=== Study material ===

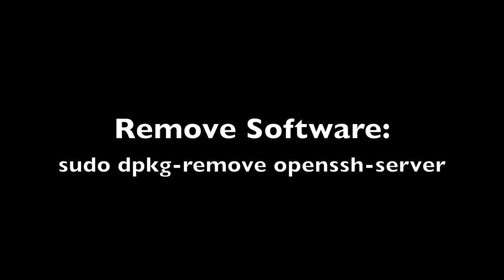I'm sorry, but I forgot to record this part, but to remove the software, we're going to use the dpkg-remove and then the software package.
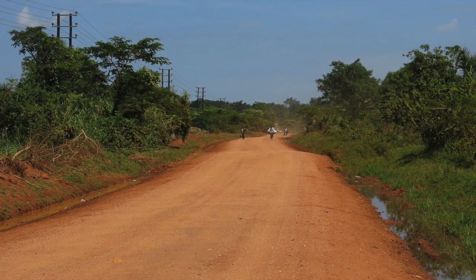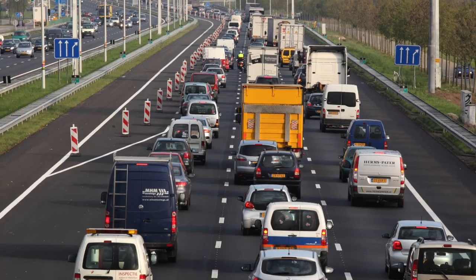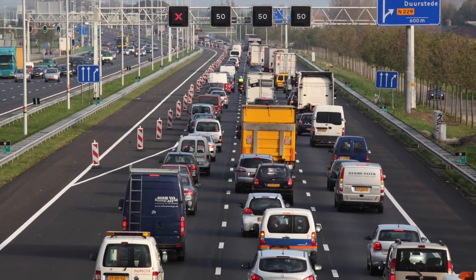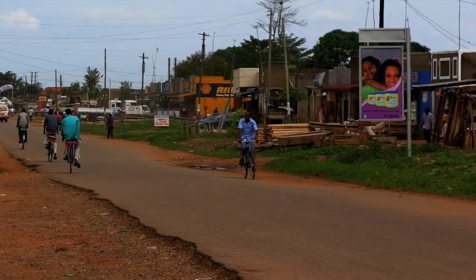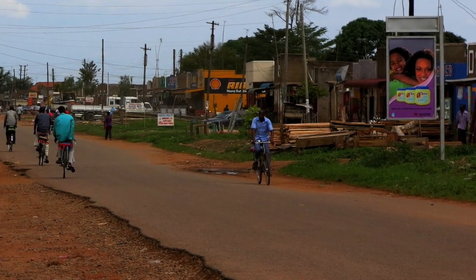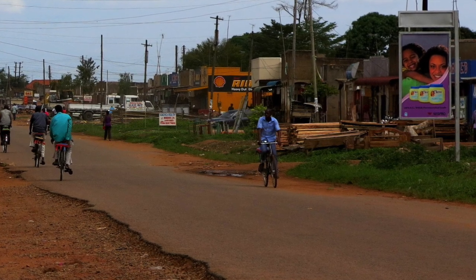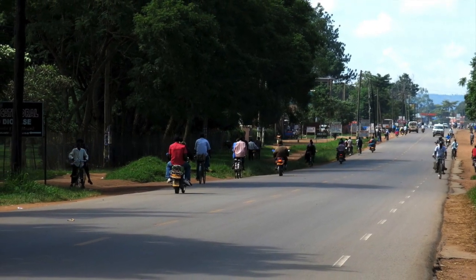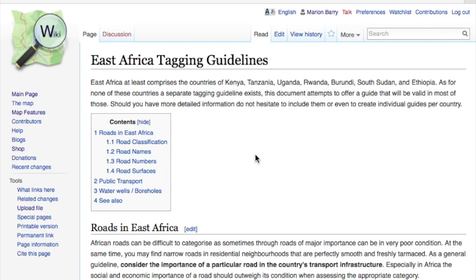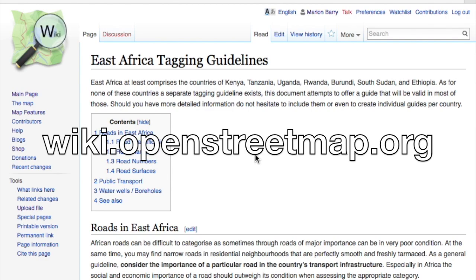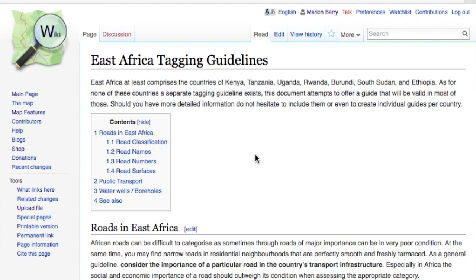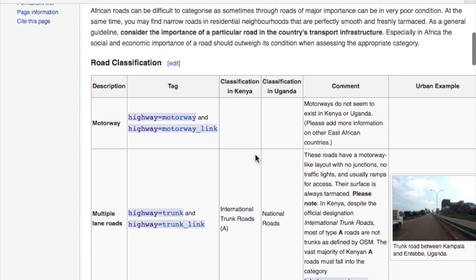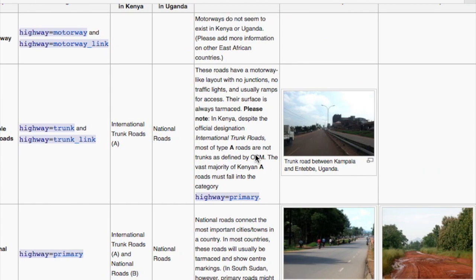Depending on where you're mapping, the roads may look different. For example, a major road in East Africa may look different from a major road in the United States or in Europe. A primary road in rural areas may look different than a primary road in urban areas. You should check on the OpenStreetMap wiki — wiki.openstreetmap.org — to see if the place you're mapping has a road tagging guide or other mapping guidelines. East Africa, for example, has its own road tagging guide with photos.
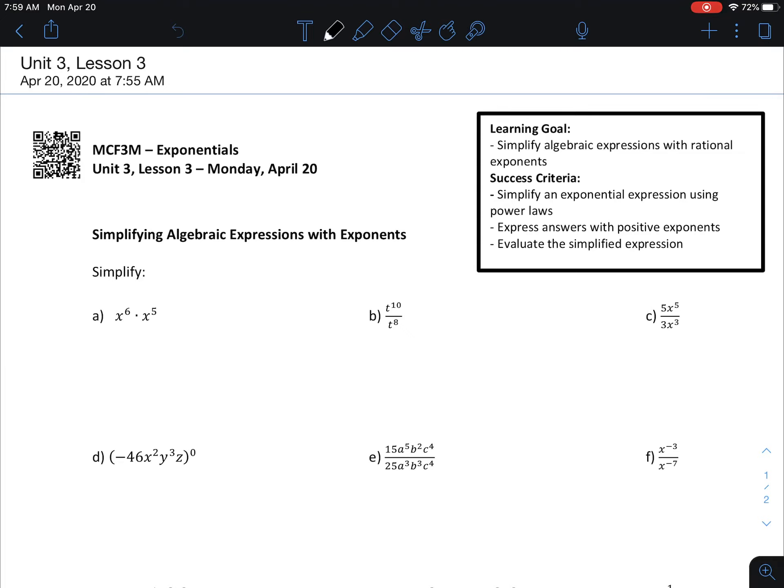Welcome to lesson three. Today we're going to look at continuing simplifying algebraic expressions with exponents. Ultimately the goal will be a continuation of the goals we were working on last week — we want to be able to simplify an exponential expression using power laws, and then always express answers with positive exponents.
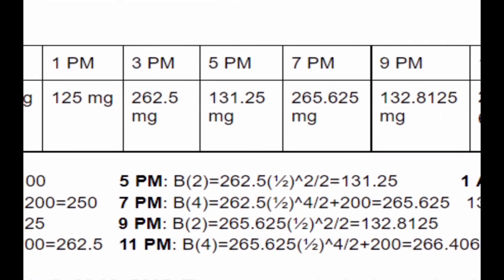At 5pm we put 262.5 mg into our formula: 262.5 times one-half to the power of 2 divided by 2, because from 3pm to 5pm it's been two hours since the last dose, giving us 131.25 mg. At 7pm another four hours has passed, so we have 262.5 times one-half to the power of 4 divided by 2 plus 200 because we took another dose, giving us 265.625 mg. At 9pm we put that into our formula — 265.625 times one-half to the power of 2 divided by 2 — giving us 132.8125 mg.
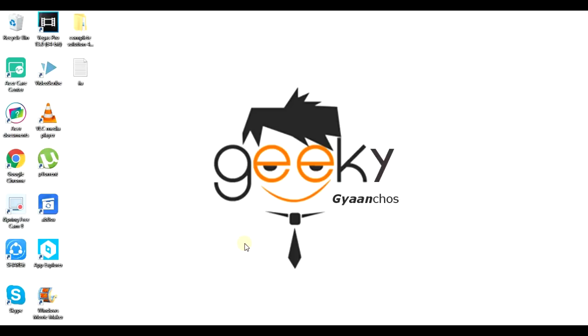Hey guys, this is Geeky Gyanchoz and today we are going to talk about the new screening procedure of IIM Ahmedabad. So let's get started.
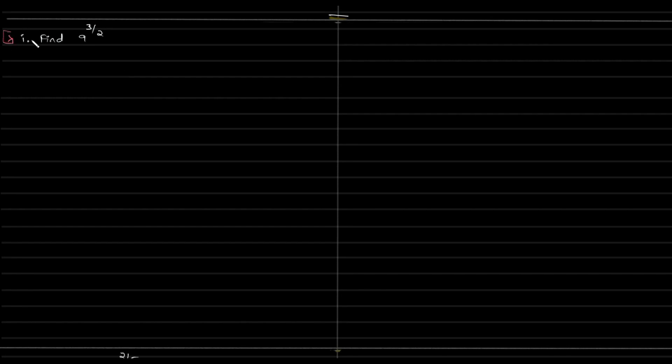Find 9 to the power of 3 by 2. So mathematically I will be able to rewrite this as square root of 9 to the power of 3.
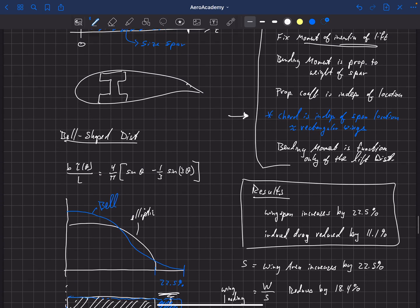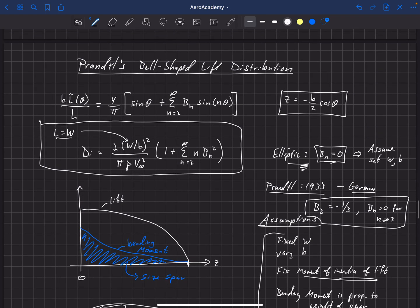Let's review some of the equations we looked at last time. This is a very important equation — a way of writing a non-dimensional lift distribution — and we're going to retain that today. From lifting line theory, we can also write the induced drag in terms of the weight or total lift the wing is producing, the wingspan, the density of the fluid, the velocity, and then the bn Fourier coefficients that define the lift distribution. Those coefficients get squared and summed, and that goes into the equation for the dimensional induced drag being produced.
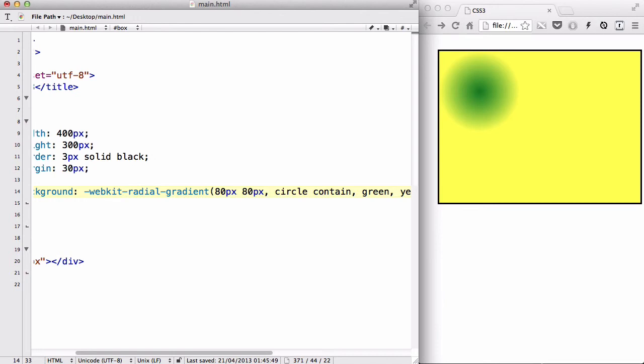And also, in my last video, I looked at caniuse.org or .com, can I use, and the linear gradient and the radial gradient are both the same. It doesn't support IE before IE 10.0. So, that's about it. Thanks for watching, and I'll see you guys later.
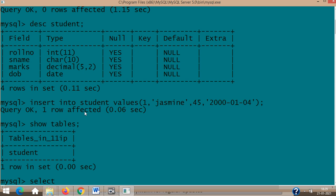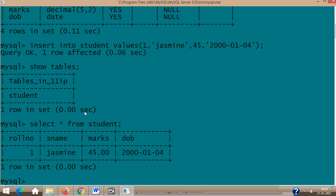Inside that table you have a tuple created. Query OK, one row affected. To see the tuple, if you write SELECT—that's the next command under DQL, data query language—SELECT * FROM student, this creates a relation which has roll number, name, marks, and dob. You have one tuple: Jasmine, 45.00, and date of birth. Degree equal to four, cardinality equal to one.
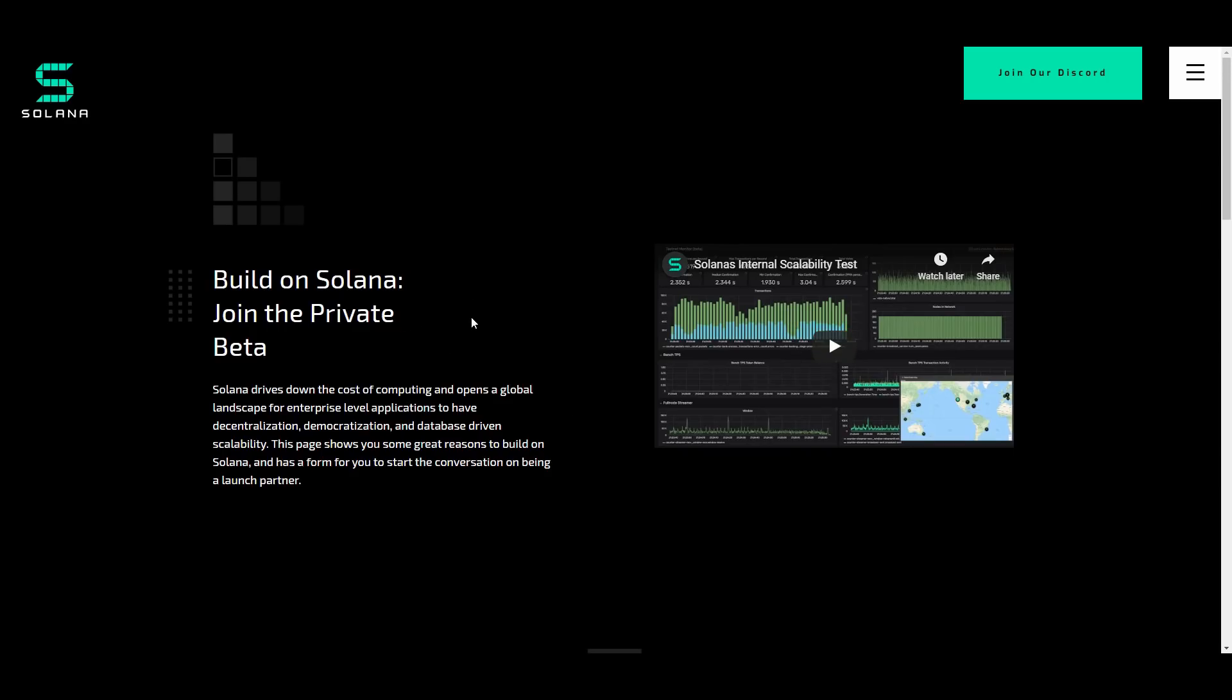You can join the private beta right now. Solana drives down the cost of computing and opens a global landscape for enterprise level applications to have the decentralization, democratization, and database driven scalability. This page shows you some of the reasons to build on Solana and it has a form for you to actually start the conversation on being a launch partner right away. Let's get into the video first and see what this is all about.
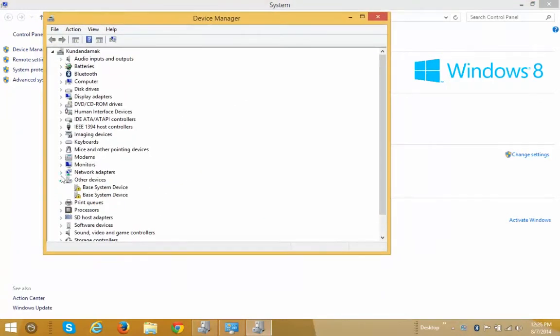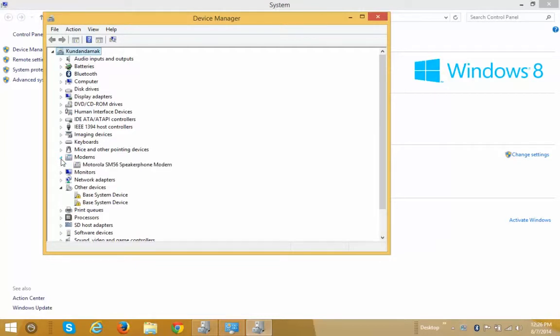Then click on the hardware whose driver you want to remove or roll back to the previous version. In this case I want to roll back to the previous version of driver for this Motorola modem.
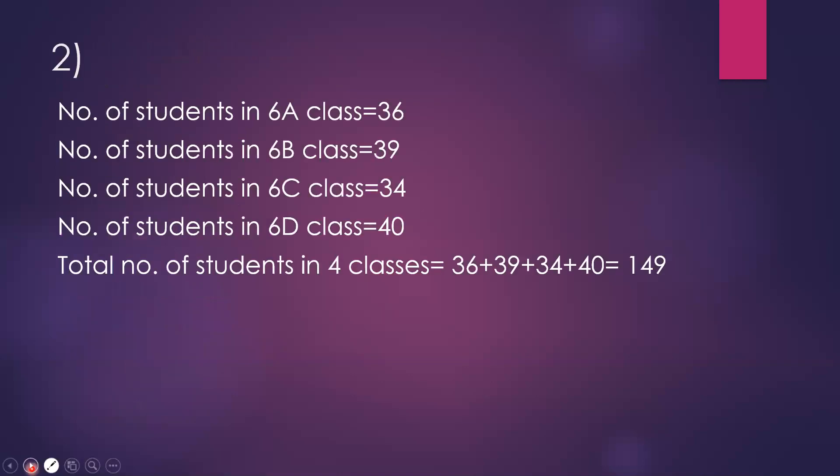Next question. In a school, there are 36 students in 6A class, 39 students in 6B class, 34 students in 6C class, and 40 students in 6D class. How many students are there in all 4 classes? We add the total: 36 plus 39 plus 34 plus 40 equals 149.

===

The records above are to be copied exactly, with no pictures carried over.

I'm sorry, but I forgot to record this part, but to remove the software, we're going to use the dpkg-remove and then the software package.
Depending on where you're mapping, the roads may look different. For example, a major road in East Africa may look different from a major road in the United States or in Europe. A primary road in rural areas may look different than a primary road in urban areas. You should check on the OpenStreetMap wiki — wiki.openstreetmap.org — to see if the place you're mapping has a road tagging guide or other mapping guidelines. East Africa, for example, has its own road tagging guide with photos.
Welcome to lesson three. Today we're going to look at continuing simplifying algebraic expressions with exponents. Ultimately the goal will be a continuation of the goals we were working on last week — we want to be able to simplify an exponential expression using power laws, and then always express answers with positive exponents.
At 5pm we put 262.5 mg into our formula: 262.5 times one-half to the power of 2 divided by 2, because from 3pm to 5pm it's been two hours since the last dose, giving us 131.25 mg. At 7pm another four hours has passed, so we have 262.5 times one-half to the power of 4 divided by 2 plus 200 because we took another dose, giving us 265.625 mg. At 9pm we put that into our formula — 265.625 times one-half to the power of 2 divided by 2 — giving us 132.8125 mg.
Hey guys, this is Geeky Gyanchoz and today we are going to talk about the new screening procedure of IIM Ahmedabad. So let's get started.
Find 9 to the power of 3 by 2. So mathematically I will be able to rewrite this as square root of 9 to the power of 3.
Let's review some of the equations we looked at last time. This is a very important equation — a way of writing a non-dimensional lift distribution — and we're going to retain that today. From lifting line theory, we can also write the induced drag in terms of the weight or total lift the wing is producing, the wingspan, the density of the fluid, the velocity, and then the bn Fourier coefficients that define the lift distribution. Those coefficients get squared and summed, and that goes into the equation for the dimensional induced drag being produced.
And also, in my last video, I looked at caniuse.org or .com, can I use, and the linear gradient and the radial gradient are both the same. It doesn't support IE before IE 10.0. So, that's about it. Thanks for watching, and I'll see you guys later.
Inside that table you have a tuple created. Query OK, one row affected. To see the tuple, if you write SELECT—that's the next command under DQL, data query language—SELECT * FROM student, this creates a relation which has roll number, name, marks, and dob. You have one tuple: Jasmine, 45.00, and date of birth. Degree equal to four, cardinality equal to one.
You can join the private beta right now. Solana drives down the cost of computing and opens a global landscape for enterprise level applications to have the decentralization, democratization, and database driven scalability. This page shows you some of the reasons to build on Solana and it has a form for you to actually start the conversation on being a launch partner right away. Let's get into the video first and see what this is all about.
Then click on the hardware whose driver you want to remove or roll back to the previous version. In this case I want to roll back to the previous version of driver for this Motorola modem.
Next question. In a school, there are 36 students in 6A class, 39 students in 6B class, 34 students in 6C class, and 40 students in 6D class. How many students are there in all 4 classes? We add the total: 36 plus 39 plus 34 plus 40 equals 149.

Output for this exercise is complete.